Methodology Sixty (60) premenopausal women were recruited for the study preoperatively, based on transvaginal ultrasound (TVUS) findings present in the case record sheet received along with the CA-125 sample in the biochemistry laboratories. Those cases with elevated CA-125 levels were selected, where patients had unilocular ovarian cysts without wall abnormalities. CA-125 was done using ECLIA methodology (Cobas e411, Germany). Statistical correlation was calculated between the ovarian cyst size and CA-125 levels using Spearman’s Rho coefficient.

Results Mean age group of subjects were 29.7 ± 7.3 years and mean value of CA-125 (normal < 35 IU/mL) was found to be increased: 118.0 ± 147.1 IU/mL so was the mean diameter of cysts (cut off ≤ 5 cm): 48.6 ± 59.8 cm.
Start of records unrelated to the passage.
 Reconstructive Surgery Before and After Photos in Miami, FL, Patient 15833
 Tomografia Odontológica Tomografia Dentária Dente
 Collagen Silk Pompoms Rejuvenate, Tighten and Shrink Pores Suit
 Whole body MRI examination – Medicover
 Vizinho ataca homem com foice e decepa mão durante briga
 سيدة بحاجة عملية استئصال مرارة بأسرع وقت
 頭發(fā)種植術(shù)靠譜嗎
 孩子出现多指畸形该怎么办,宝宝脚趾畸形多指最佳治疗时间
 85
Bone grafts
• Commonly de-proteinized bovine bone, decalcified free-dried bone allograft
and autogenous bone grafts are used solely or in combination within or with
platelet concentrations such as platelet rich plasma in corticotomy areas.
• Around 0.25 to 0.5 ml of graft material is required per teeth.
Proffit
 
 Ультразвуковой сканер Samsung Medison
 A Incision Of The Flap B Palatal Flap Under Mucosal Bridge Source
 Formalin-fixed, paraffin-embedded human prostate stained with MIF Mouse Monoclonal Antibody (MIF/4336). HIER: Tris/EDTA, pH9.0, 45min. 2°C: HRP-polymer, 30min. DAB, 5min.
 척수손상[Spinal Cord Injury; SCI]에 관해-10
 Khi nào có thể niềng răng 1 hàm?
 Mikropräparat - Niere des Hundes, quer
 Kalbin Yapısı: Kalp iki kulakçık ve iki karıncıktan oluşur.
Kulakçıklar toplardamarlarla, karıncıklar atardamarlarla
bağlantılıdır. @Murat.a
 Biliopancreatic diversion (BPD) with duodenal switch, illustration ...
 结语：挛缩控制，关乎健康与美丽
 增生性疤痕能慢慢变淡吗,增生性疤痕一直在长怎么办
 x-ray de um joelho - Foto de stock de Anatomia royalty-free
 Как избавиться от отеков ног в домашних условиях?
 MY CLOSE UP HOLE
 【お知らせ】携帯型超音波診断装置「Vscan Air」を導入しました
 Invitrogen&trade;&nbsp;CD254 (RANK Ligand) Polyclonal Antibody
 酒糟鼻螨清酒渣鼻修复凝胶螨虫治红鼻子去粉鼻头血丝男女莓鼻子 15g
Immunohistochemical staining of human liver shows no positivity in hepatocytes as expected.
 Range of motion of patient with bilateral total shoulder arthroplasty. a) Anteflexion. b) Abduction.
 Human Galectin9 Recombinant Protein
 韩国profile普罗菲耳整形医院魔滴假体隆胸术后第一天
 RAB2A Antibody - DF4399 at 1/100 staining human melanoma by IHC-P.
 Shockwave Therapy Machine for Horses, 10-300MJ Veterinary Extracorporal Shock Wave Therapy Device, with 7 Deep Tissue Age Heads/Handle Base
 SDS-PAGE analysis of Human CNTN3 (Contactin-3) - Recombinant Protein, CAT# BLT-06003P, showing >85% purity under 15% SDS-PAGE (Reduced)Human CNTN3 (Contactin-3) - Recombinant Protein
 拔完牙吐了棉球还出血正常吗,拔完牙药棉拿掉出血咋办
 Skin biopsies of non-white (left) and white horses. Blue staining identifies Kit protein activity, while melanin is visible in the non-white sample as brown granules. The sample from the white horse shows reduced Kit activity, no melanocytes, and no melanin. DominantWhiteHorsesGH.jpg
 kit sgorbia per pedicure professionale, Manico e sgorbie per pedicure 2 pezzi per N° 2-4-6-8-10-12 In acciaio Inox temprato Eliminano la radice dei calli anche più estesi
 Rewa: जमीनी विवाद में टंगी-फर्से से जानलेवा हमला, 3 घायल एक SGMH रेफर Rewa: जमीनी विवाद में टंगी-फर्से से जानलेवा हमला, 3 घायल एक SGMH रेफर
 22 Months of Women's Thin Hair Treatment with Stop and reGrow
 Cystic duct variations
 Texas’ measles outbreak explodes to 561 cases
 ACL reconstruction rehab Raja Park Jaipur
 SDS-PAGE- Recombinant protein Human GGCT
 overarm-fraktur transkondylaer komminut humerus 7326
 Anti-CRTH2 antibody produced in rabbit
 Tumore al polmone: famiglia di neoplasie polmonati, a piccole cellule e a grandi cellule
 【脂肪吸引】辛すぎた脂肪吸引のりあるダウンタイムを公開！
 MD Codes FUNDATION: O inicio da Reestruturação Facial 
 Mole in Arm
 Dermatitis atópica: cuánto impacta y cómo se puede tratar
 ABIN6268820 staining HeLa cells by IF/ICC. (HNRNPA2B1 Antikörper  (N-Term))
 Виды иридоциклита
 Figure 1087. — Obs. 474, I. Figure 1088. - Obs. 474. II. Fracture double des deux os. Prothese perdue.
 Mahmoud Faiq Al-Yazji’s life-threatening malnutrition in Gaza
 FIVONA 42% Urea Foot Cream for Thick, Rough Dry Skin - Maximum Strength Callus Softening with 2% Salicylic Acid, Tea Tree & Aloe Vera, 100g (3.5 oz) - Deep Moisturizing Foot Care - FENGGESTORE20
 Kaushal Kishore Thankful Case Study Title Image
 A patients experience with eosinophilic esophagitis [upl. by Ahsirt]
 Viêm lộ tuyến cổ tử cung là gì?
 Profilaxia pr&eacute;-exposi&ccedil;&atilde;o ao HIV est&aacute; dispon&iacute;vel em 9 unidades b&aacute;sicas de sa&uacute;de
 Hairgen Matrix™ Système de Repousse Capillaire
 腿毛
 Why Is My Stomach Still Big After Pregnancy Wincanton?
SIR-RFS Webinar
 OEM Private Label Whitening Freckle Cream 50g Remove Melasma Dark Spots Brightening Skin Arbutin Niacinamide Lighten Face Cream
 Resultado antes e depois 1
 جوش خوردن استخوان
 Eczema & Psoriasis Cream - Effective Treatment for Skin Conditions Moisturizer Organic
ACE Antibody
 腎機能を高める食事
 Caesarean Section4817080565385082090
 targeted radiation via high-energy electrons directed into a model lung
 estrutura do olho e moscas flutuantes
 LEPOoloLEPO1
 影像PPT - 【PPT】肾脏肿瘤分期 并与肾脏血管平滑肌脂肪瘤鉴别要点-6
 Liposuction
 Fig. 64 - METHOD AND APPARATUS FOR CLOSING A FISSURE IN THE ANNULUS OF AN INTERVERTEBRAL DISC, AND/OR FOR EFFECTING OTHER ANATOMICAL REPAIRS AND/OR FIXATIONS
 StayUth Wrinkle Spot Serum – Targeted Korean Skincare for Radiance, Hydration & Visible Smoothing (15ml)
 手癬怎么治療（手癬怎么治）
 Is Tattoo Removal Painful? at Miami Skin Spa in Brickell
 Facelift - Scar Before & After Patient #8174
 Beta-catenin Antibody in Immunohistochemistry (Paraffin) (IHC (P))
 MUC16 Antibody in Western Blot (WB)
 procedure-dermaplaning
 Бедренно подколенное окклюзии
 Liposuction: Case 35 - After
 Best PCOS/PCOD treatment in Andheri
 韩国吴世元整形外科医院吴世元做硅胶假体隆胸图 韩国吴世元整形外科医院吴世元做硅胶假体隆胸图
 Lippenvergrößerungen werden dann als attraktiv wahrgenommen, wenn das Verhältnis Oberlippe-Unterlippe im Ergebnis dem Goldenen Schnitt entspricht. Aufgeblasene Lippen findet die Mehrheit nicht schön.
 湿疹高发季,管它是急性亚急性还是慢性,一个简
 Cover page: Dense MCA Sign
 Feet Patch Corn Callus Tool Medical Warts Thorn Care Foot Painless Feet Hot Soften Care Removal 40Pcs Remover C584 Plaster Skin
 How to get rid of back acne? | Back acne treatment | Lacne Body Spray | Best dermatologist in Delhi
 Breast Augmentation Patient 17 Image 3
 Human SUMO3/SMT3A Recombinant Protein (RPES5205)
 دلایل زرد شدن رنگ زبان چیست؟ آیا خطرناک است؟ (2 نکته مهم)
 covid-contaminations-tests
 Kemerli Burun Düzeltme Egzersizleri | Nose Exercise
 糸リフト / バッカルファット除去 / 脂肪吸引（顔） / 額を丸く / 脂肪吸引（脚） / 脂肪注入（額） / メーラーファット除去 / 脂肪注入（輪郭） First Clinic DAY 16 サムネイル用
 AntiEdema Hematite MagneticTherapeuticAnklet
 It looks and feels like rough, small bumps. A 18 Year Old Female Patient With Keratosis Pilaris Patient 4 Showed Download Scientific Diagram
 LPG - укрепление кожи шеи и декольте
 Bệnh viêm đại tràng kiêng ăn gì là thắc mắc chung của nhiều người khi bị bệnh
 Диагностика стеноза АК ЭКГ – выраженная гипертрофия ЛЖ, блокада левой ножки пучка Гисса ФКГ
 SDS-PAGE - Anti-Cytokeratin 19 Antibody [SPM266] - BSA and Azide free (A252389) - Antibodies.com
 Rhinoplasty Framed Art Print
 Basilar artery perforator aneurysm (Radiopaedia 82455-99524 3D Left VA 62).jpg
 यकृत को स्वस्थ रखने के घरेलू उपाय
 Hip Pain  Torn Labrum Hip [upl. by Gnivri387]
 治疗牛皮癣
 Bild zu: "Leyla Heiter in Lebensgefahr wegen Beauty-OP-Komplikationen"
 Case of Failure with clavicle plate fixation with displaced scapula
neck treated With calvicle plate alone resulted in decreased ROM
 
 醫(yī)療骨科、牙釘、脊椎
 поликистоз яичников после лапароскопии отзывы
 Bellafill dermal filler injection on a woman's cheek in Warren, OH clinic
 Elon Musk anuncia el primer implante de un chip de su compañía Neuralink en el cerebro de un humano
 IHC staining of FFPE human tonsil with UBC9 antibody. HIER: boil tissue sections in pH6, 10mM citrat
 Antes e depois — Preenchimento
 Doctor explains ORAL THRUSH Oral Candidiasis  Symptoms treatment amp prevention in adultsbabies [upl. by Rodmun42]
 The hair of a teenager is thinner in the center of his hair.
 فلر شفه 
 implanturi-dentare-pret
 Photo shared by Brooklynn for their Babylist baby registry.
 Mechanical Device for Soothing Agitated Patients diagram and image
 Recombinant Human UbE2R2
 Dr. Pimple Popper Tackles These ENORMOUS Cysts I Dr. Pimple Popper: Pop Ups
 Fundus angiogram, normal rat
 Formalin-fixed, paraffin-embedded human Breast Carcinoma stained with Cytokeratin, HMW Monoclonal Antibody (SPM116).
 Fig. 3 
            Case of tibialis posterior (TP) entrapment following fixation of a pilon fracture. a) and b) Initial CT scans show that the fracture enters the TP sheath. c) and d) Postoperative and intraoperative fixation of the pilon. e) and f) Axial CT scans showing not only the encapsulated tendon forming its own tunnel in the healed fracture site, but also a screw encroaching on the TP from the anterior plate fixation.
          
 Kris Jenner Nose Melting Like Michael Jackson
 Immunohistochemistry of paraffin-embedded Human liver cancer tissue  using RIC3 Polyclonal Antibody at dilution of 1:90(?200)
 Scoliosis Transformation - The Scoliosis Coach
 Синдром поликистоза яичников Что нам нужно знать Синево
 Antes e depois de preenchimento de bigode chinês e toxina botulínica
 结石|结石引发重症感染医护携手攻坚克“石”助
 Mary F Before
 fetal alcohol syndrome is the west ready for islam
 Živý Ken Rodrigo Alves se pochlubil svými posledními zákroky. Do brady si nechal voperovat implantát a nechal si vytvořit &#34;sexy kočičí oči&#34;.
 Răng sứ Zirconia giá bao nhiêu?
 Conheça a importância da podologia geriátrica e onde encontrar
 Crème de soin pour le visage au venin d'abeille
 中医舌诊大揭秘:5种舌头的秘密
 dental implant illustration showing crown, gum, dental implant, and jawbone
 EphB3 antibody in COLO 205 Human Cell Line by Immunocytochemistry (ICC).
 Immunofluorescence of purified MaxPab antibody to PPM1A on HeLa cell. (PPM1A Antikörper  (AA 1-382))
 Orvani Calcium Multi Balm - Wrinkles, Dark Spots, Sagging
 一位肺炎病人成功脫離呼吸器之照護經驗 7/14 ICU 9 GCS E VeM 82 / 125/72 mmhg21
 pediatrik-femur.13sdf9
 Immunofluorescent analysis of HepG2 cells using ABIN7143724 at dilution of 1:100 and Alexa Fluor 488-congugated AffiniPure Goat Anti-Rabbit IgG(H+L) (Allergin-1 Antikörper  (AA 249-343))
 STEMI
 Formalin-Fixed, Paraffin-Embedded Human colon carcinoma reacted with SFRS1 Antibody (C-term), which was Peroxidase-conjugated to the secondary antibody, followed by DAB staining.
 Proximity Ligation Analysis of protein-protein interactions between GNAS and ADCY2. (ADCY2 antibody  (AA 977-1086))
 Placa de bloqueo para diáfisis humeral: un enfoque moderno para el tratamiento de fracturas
No correlation was found between CA-125 levels and volume of ovarian cyst (r = 0.005, p = 0.680) for all subjects.

Conclusions The lack of correlation between size of ovarian cysts and CA-125 levels provides a hint that the ovarian cyst epithelium does not directly express CA-125 and it may come from sites like the fallopian tube. Thus, raised level of CA-125 in benign ovarian cyst should be followed-up more closely, demanding assessment of fallopian tubes for early diagnosis of ovarian cancer. Also, algorithms can be explored to include size of ovarian cyst and CA 125 levels to predict ovarian cancer.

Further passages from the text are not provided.